▶ **WHAT IS BEING ASKED**
What you return must match the data exactly, line for line.

▶ **RECORDS SUPPLIED**
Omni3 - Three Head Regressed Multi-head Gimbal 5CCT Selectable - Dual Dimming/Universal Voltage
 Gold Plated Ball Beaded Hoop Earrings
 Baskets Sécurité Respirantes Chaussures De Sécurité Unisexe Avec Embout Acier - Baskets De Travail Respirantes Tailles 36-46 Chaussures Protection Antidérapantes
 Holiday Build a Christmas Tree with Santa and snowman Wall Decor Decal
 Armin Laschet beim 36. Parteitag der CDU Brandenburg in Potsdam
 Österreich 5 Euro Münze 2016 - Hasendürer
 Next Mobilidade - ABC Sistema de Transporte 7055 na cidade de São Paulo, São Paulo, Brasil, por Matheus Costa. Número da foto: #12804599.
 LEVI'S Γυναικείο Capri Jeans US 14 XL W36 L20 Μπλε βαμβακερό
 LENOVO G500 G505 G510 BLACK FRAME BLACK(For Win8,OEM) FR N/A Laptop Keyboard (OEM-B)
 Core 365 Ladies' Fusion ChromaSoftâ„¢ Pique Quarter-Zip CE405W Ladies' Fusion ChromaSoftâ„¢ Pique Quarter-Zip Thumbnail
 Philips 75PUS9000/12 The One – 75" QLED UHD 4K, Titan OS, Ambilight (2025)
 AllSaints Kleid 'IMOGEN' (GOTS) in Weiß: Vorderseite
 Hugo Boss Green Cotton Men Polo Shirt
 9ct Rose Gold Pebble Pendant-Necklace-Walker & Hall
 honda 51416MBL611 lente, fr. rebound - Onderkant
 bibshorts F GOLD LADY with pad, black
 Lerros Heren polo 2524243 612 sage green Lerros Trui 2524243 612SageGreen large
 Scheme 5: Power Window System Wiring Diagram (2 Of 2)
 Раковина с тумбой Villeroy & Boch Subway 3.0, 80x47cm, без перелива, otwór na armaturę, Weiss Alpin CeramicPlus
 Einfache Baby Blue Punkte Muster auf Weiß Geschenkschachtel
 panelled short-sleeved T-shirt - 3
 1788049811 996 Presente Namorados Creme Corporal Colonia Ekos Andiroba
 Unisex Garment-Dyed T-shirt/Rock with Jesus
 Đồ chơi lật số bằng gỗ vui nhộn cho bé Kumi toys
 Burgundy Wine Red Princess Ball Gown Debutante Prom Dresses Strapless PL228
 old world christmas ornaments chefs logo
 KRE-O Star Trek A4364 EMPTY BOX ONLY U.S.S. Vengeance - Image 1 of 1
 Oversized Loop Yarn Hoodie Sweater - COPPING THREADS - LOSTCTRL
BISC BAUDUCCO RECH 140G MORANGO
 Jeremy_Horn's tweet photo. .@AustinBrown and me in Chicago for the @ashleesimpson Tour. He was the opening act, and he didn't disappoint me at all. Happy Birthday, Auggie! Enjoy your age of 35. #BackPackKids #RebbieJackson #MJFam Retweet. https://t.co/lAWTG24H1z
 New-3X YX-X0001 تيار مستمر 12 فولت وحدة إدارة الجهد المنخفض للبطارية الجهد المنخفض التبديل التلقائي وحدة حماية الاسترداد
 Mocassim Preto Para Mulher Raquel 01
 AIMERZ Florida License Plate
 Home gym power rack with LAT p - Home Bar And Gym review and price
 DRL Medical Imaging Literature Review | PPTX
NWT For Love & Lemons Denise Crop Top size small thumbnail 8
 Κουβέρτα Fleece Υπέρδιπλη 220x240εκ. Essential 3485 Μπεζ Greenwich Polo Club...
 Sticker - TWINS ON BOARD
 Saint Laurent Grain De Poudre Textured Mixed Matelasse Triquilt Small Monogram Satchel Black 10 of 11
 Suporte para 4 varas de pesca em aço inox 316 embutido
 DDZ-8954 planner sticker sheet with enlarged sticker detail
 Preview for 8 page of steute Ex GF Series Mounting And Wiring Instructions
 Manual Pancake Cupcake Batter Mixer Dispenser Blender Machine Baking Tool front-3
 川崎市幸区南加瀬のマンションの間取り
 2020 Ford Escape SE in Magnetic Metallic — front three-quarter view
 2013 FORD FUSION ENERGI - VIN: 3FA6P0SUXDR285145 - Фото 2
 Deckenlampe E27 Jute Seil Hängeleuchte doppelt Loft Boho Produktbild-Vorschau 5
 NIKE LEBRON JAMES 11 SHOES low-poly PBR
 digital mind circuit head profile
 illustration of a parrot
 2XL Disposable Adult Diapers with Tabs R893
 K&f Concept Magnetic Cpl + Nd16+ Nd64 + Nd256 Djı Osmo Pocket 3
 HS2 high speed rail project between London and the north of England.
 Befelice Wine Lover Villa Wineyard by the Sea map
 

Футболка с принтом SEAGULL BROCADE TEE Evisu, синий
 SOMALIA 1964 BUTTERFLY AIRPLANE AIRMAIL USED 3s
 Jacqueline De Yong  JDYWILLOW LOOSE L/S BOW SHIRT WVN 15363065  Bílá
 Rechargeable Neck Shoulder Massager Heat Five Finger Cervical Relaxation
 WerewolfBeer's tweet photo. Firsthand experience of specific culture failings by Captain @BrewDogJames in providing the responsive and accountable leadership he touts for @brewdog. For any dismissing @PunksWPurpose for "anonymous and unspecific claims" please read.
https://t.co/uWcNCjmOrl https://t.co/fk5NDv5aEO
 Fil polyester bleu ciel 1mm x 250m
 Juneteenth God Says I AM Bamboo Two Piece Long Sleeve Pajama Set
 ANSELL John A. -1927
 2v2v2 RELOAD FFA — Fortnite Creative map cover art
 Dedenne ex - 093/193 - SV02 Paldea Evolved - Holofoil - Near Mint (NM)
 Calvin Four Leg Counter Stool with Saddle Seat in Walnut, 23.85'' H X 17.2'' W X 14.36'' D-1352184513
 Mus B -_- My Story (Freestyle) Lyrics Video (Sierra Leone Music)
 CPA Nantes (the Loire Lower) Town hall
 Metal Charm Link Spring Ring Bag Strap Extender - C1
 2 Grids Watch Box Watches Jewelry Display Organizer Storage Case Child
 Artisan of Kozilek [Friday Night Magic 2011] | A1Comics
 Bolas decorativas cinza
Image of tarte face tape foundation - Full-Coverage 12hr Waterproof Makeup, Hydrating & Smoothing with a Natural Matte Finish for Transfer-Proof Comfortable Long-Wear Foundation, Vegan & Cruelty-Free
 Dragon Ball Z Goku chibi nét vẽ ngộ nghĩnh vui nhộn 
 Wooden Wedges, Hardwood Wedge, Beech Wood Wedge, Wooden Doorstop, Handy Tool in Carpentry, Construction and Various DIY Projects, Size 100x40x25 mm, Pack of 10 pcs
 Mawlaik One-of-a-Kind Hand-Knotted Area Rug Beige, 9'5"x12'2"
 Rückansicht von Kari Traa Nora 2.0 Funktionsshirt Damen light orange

▶ **RESPONSE**
Omni3 - Three Head Regressed Multi-head Gimbal 5CCT Selectable - Dual Dimming/Universal Voltage
 Gold Plated Ball Beaded Hoop Earrings
 Baskets Sécurité Respirantes Chaussures De Sécurité Unisexe Avec Embout Acier - Baskets De Travail Respirantes Tailles 36-46 Chaussures Protection Antidérapantes
 Holiday Build a Christmas Tree with Santa and snowman Wall Decor Decal
 Armin Laschet beim 36. Parteitag der CDU Brandenburg in Potsdam
 Österreich 5 Euro Münze 2016 - Hasendürer
 Next Mobilidade - ABC Sistema de Transporte 7055 na cidade de São Paulo, São Paulo, Brasil, por Matheus Costa. Número da foto: #12804599.
 LEVI'S Γυναικείο Capri Jeans US 14 XL W36 L20 Μπλε βαμβακερό
 LENOVO G500 G505 G510 BLACK FRAME BLACK(For Win8,OEM) FR N/A Laptop Keyboard (OEM-B)
 Core 365 Ladies' Fusion ChromaSoftâ„¢ Pique Quarter-Zip CE405W Ladies' Fusion ChromaSoftâ„¢ Pique Quarter-Zip Thumbnail
 Philips 75PUS9000/12 The One – 75" QLED UHD 4K, Titan OS, Ambilight (2025)
 AllSaints Kleid 'IMOGEN' (GOTS) in Weiß: Vorderseite
 Hugo Boss Green Cotton Men Polo Shirt
 9ct Rose Gold Pebble Pendant-Necklace-Walker & Hall
 honda 51416MBL611 lente, fr. rebound - Onderkant
 bibshorts F GOLD LADY with pad, black
 Lerros Heren polo 2524243 612 sage green Lerros Trui 2524243 612SageGreen large
 Scheme 5: Power Window System Wiring Diagram (2 Of 2)
 Раковина с тумбой Villeroy & Boch Subway 3.0, 80x47cm, без перелива, otwór na armaturę, Weiss Alpin CeramicPlus
 Einfache Baby Blue Punkte Muster auf Weiß Geschenkschachtel
 panelled short-sleeved T-shirt - 3
 1788049811 996 Presente Namorados Creme Corporal Colonia Ekos Andiroba
 Unisex Garment-Dyed T-shirt/Rock with Jesus
 Đồ chơi lật số bằng gỗ vui nhộn cho bé Kumi toys
 Burgundy Wine Red Princess Ball Gown Debutante Prom Dresses Strapless PL228
 old world christmas ornaments chefs logo
 KRE-O Star Trek A4364 EMPTY BOX ONLY U.S.S. Vengeance - Image 1 of 1
 Oversized Loop Yarn Hoodie Sweater - COPPING THREADS - LOSTCTRL
BISC BAUDUCCO RECH 140G MORANGO
 Jeremy_Horn's tweet photo. .@AustinBrown and me in Chicago for the @ashleesimpson Tour. He was the opening act, and he didn't disappoint me at all. Happy Birthday, Auggie! Enjoy your age of 35. #BackPackKids #RebbieJackson #MJFam Retweet. https://t.co/lAWTG24H1z
 New-3X YX-X0001 تيار مستمر 12 فولت وحدة إدارة الجهد المنخفض للبطارية الجهد المنخفض التبديل التلقائي وحدة حماية الاسترداد
 Mocassim Preto Para Mulher Raquel 01
 AIMERZ Florida License Plate
 Home gym power rack with LAT p - Home Bar And Gym review and price
 DRL Medical Imaging Literature Review | PPTX
NWT For Love & Lemons Denise Crop Top size small thumbnail 8
 Κουβέρτα Fleece Υπέρδιπλη 220x240εκ. Essential 3485 Μπεζ Greenwich Polo Club...
 Sticker - TWINS ON BOARD
 Saint Laurent Grain De Poudre Textured Mixed Matelasse Triquilt Small Monogram Satchel Black 10 of 11
 Suporte para 4 varas de pesca em aço inox 316 embutido
 DDZ-8954 planner sticker sheet with enlarged sticker detail
 Preview for 8 page of steute Ex GF Series Mounting And Wiring Instructions
 Manual Pancake Cupcake Batter Mixer Dispenser Blender Machine Baking Tool front-3
 川崎市幸区南加瀬のマンションの間取り
 2020 Ford Escape SE in Magnetic Metallic — front three-quarter view
 2013 FORD FUSION ENERGI - VIN: 3FA6P0SUXDR285145 - Фото 2
 Deckenlampe E27 Jute Seil Hängeleuchte doppelt Loft Boho Produktbild-Vorschau 5
 NIKE LEBRON JAMES 11 SHOES low-poly PBR
 digital mind circuit head profile
 illustration of a parrot
 2XL Disposable Adult Diapers with Tabs R893
 K&f Concept Magnetic Cpl + Nd16+ Nd64 + Nd256 Djı Osmo Pocket 3
 HS2 high speed rail project between London and the north of England.
 Befelice Wine Lover Villa Wineyard by the Sea map
 

Футболка с принтом SEAGULL BROCADE TEE Evisu, синий
 SOMALIA 1964 BUTTERFLY AIRPLANE AIRMAIL USED 3s
 Jacqueline De Yong  JDYWILLOW LOOSE L/S BOW SHIRT WVN 15363065  Bílá
 Rechargeable Neck Shoulder Massager Heat Five Finger Cervical Relaxation
 WerewolfBeer's tweet photo. Firsthand experience of specific culture failings by Captain @BrewDogJames in providing the responsive and accountable leadership he touts for @brewdog. For any dismissing @PunksWPurpose for "anonymous and unspecific claims" please read.
https://t.co/uWcNCjmOrl https://t.co/fk5NDv5aEO
 Fil polyester bleu ciel 1mm x 250m
 Juneteenth God Says I AM Bamboo Two Piece Long Sleeve Pajama Set
 ANSELL John A. -1927
 2v2v2 RELOAD FFA — Fortnite Creative map cover art
 Dedenne ex - 093/193 - SV02 Paldea Evolved - Holofoil - Near Mint (NM)
 Calvin Four Leg Counter Stool with Saddle Seat in Walnut, 23.85'' H X 17.2'' W X 14.36'' D-1352184513
 Mus B -_- My Story (Freestyle) Lyrics Video (Sierra Leone Music)
 CPA Nantes (the Loire Lower) Town hall
 Metal Charm Link Spring Ring Bag Strap Extender - C1
 2 Grids Watch Box Watches Jewelry Display Organizer Storage Case Child
 Artisan of Kozilek [Friday Night Magic 2011] | A1Comics
 Bolas decorativas cinza
Image of tarte face tape foundation - Full-Coverage 12hr Waterproof Makeup, Hydrating & Smoothing with a Natural Matte Finish for Transfer-Proof Comfortable Long-Wear Foundation, Vegan & Cruelty-Free
 Dragon Ball Z Goku chibi nét vẽ ngộ nghĩnh vui nhộn 
 Wooden Wedges, Hardwood Wedge, Beech Wood Wedge, Wooden Doorstop, Handy Tool in Carpentry, Construction and Various DIY Projects, Size 100x40x25 mm, Pack of 10 pcs
 Mawlaik One-of-a-Kind Hand-Knotted Area Rug Beige, 9'5"x12'2"
 Rückansicht von Kari Traa Nora 2.0 Funktionsshirt Damen light orange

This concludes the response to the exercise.